# Lindsay Brothers Runabout Wagon



## ButtInTheDirt (Jan 16, 2011)

I had a few more questions about the wagon we got. We are currently working on restoring it, and a few new questions came to mind.

What type of wood would it most likely be made out of? It is very thin but holds together real well. Is there any popular type of wood most buggies were made out of then?

There is a plate that says "Lindsay Brothers Milwaukee, WI." I was also wondering if anyone had more information about the manufactorers that they had heard of.

Also if anyone knows where we could get parts that would work on that it would be great.
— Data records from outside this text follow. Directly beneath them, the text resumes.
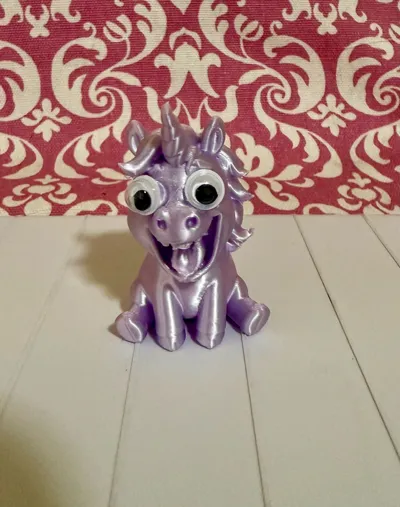 https://makerworld.bblmw.com/makerworld/comment/20260316/3722159046/9ad140d4dd8a2cf0.jpg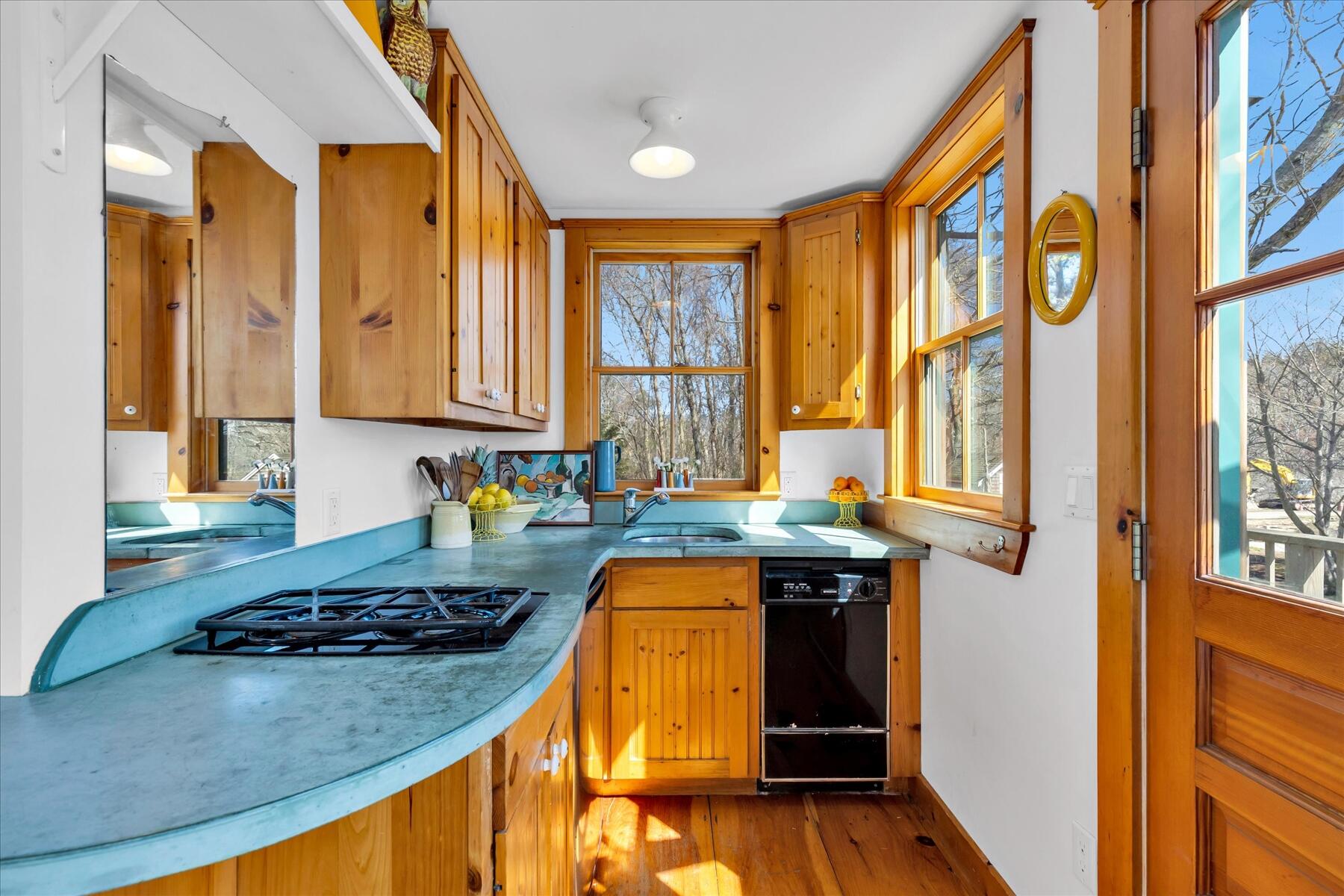 339 Coles Neck Road Wellfleet, MA 02667 - Photo 12 of 35 12-MG_0116-r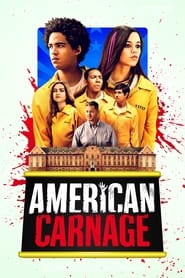 Streaming sources forAmerican Carnage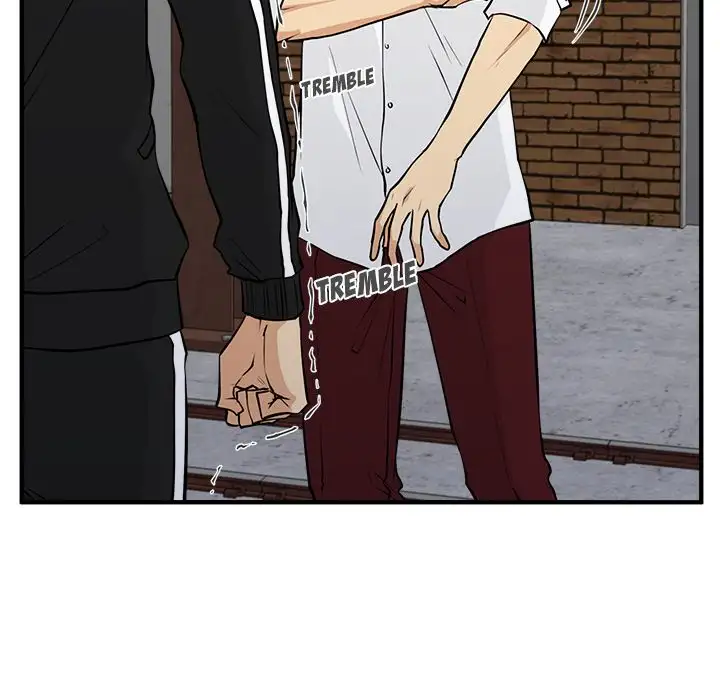 Mr. Kang page 63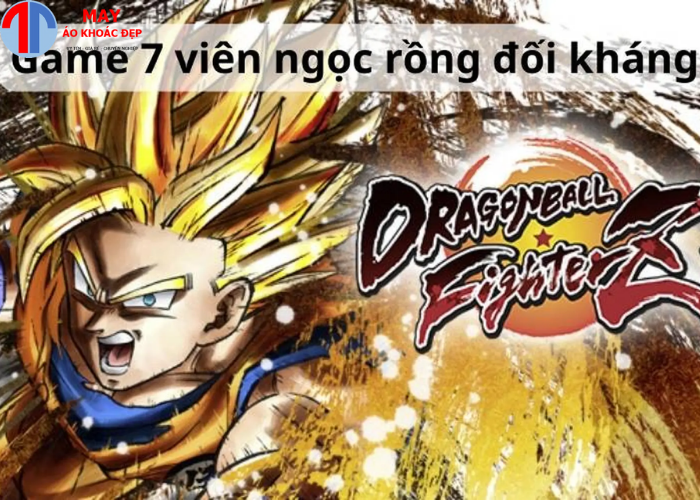 Những rủi ro khi nhận acc Ngọc Rồng miễn phí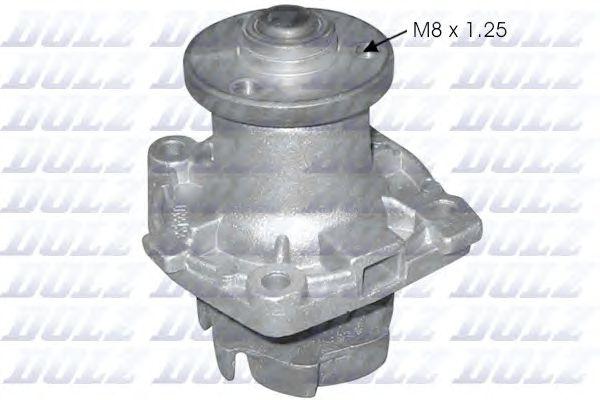 S-148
I don't have any pictures that are all that terribly helpful. Just a fuzzy pic of the cart when it was dark and dreary outside.


----------



## goodhors (Jan 25, 2011)

Poplar wood was very common in American vehicles, light, wide, cheap. Maybe someone who is familiar with woods could look at your wagon and tell you what was used. Many are made of several kinds of woods for strength, then painted so they appear to match. 

You might check in Milwaukee to see what records are available on your carriage maker, Library, Chamber of Commerce, Historical Society are good sources for pinpointing information. 

The Carriage Association of America keeps a lot of records on old carriage makers, famous makers. Do know that often every town had a local carriage maker, but there is not any information on them in the CAA's centralized location. We have had at least 5 local makers here, only about 15 miles apart! Same thing in other places. The town where they were located usually is your best source for real details, old newspapers, historical associations. Contact them and ask your questions. Might help or they could give you more ideas of where to search.

http://www.caaonline.com/

A good source of parts for buggies, wagons, would be Witmer's Coach Supply. They are located in PA, have always been very helpful to us. Probably getting their catalog would be your best start place, so you can view it to get correct part names, designs, before trying to order. They do seem to have almost anything you might need!

Witmer Coach Shop 
(717) 656-3411
1070 W Main St
New Holland,PA 17557

Good luck with your project.


----------



## Clayton Taffy (May 24, 2011)

I love Witmers Coach Shop, I do all my shopping there!
They are very helpful. I had a serious problem with a cart I was building. In the 16 years I took to build the cart my 14.2 driving Arab was put down at age 32 and replaced by a 16hh draft cross driving horse. They helped me redesign the cart without much "do over", to raise the seat and shafts, so it fit the bigger horse.


----------